In pondering “Living Real”, what if celebrities did this? Sure, they would have a filter too but if they were honest about their struggles and the current life that they live. I think that we would not view them as “way up there” compared to us. It would be a healthy/healthier view of other people. We all have the power to do great things, no matter what field it is in. It all comes down to our work ethic, dedication, passion, and organization to our goal/dream. It also depends on what God wants for us in our lives. In putting yourselves out there, especially celebrities, there will always be people who will judge and criticize and use what they know or what they think they know against others but that is just the price of  “living real”. I think more people would appreciate honest people who show that they are human just like everyone else. Much of the life of a celebrity has to do with reputation. All people care about their reputation – how other people perceive them. “If someone knew I was struggling with this, they would not like me. My reputation would be ruined!” This mindset just kills people as they try to show people that everything is wonderful in their lives when it is far from the truth. Living life fake has been tried by many people but look at where it has got us. Let us “live real”.
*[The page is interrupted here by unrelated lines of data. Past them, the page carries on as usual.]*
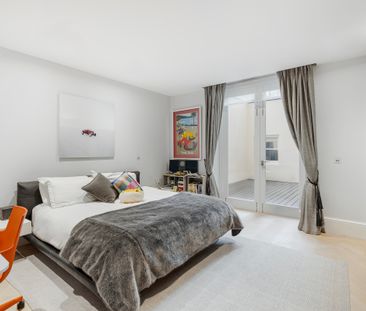 An Elegant Two-Bedroom Apartment in the Heart of South Kensington - Photo 5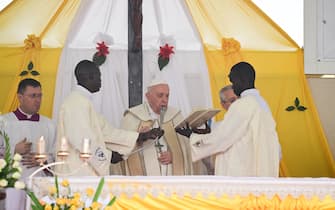 Pope Francis (C) presides over the holy mass at the John Garang Mausoleum in Juba, South Sudan, on February 5, 2023. - Pope Francis wraps up his pilgrimage to South Sudan with an open-air mass on February 5, 2023 after urging its leaders to focus on bringing peace to the fragile country torn apart by violence and poverty.
The three-day trip is the first papal visit to the largely Christian country since it achieved independence from Sudan in 2011 and plunged into a civil war that killed nearly 400,000 people. (Photo by Tiziana FABI / AFP) (Photo by TIZIANA FABI/AFP via Getty Images)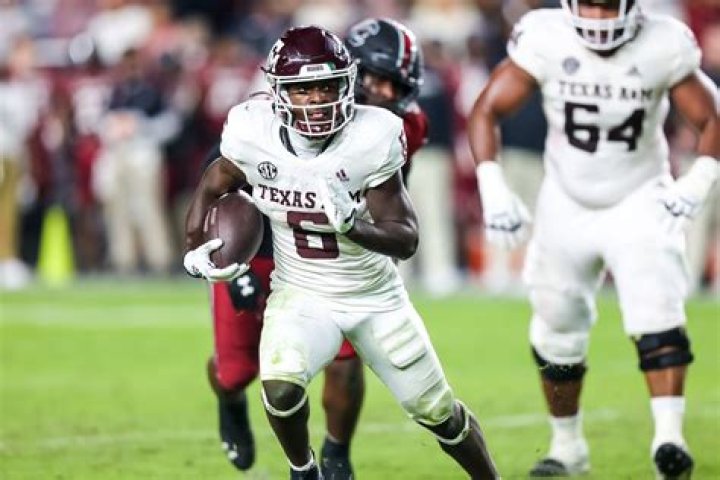 Devon Achane Parents, Texas A&amp;M Running Back Family Life In A Nutshell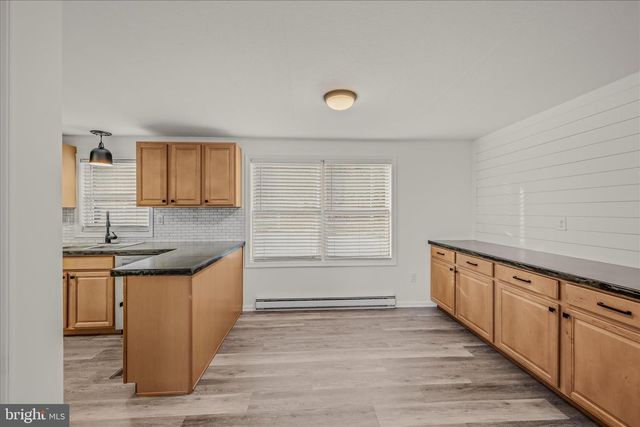 3032 DRY RUN RD, Martinsburg, WV 25403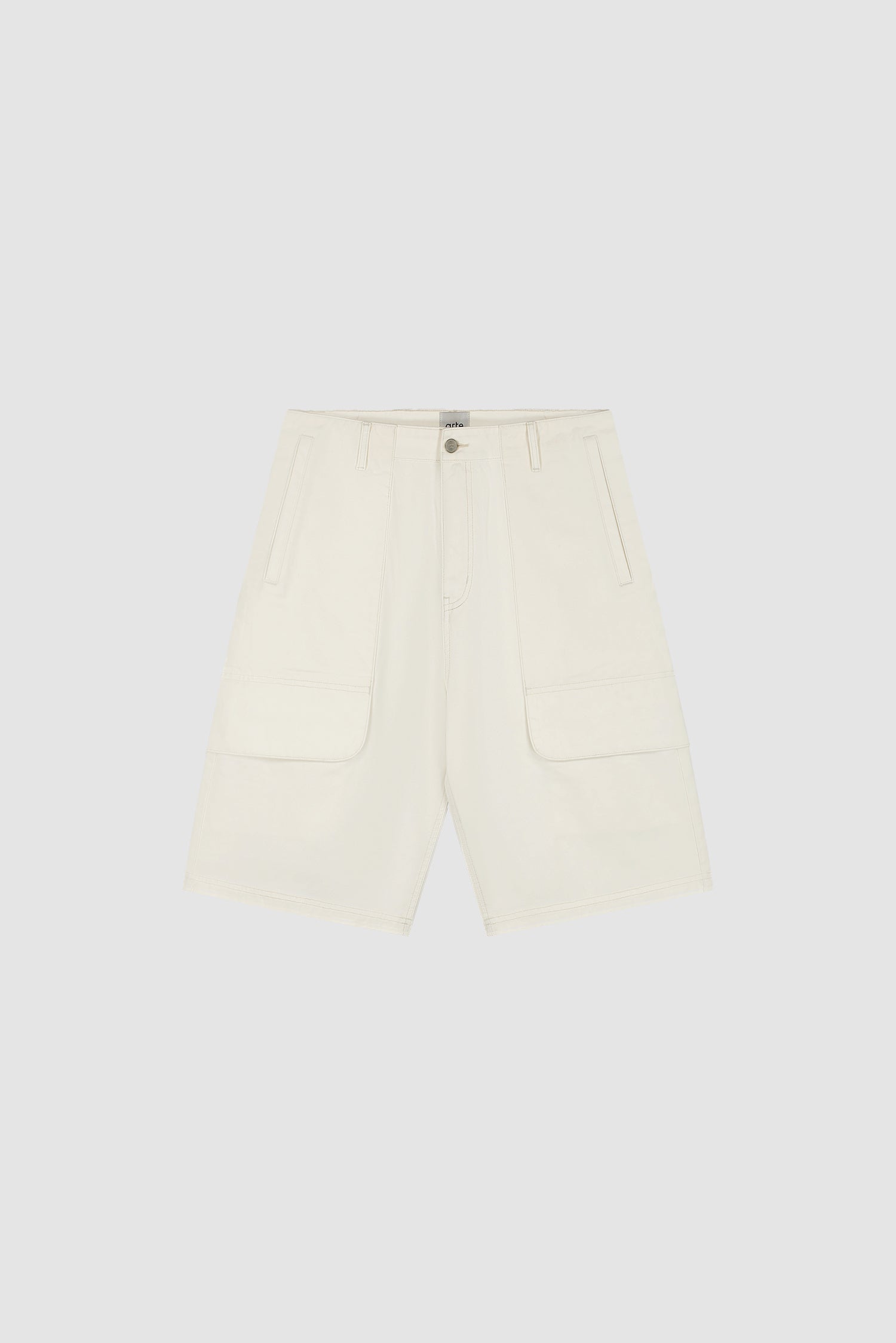 Short cargo en toile couleur crème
A couple mornings ago I was getting ready for work, making my lunch in the kitchen. My parents start hugging each other and kissing.  They did this on two different occasions in the kitchen that morning. One of my sisters (I am the oldest of five children) who will be a sophomore in high school has her boyfriend over on a regular basis, pretty much a daily basis. It frustrates me that my parents are against me having that with another man. What is so bad about two men being together? We love just the same as straight couples love. Being around both of these experiences makes me want someone who I can love and cherish. When it comes to looking for someone, I am kind of in limbo. Recently, I had a short relationship with another gay Christian but he broke it off because he does not know what he believes when it comes to his sexuality. I totally respect him for that. I feel like I should take a break for a while. At least until I am out of my parent’s house. I have decided to not go behind my parent’s wishes and respect their decisions for me while I am living under their roof. My previous relationship was behind their backs though I never did get caught. I just do not like all the stress and panic in sneaking around though I am still interested in some gay Christian friends that could turn into something more in the future. It is hard to find another guy that shares the same beliefs that I do when the majority of Christians are homophobic. There will always be a spark of hope in my heart that that guy is out there waiting for me to find him. If it were me, I would rather find him sooner than later.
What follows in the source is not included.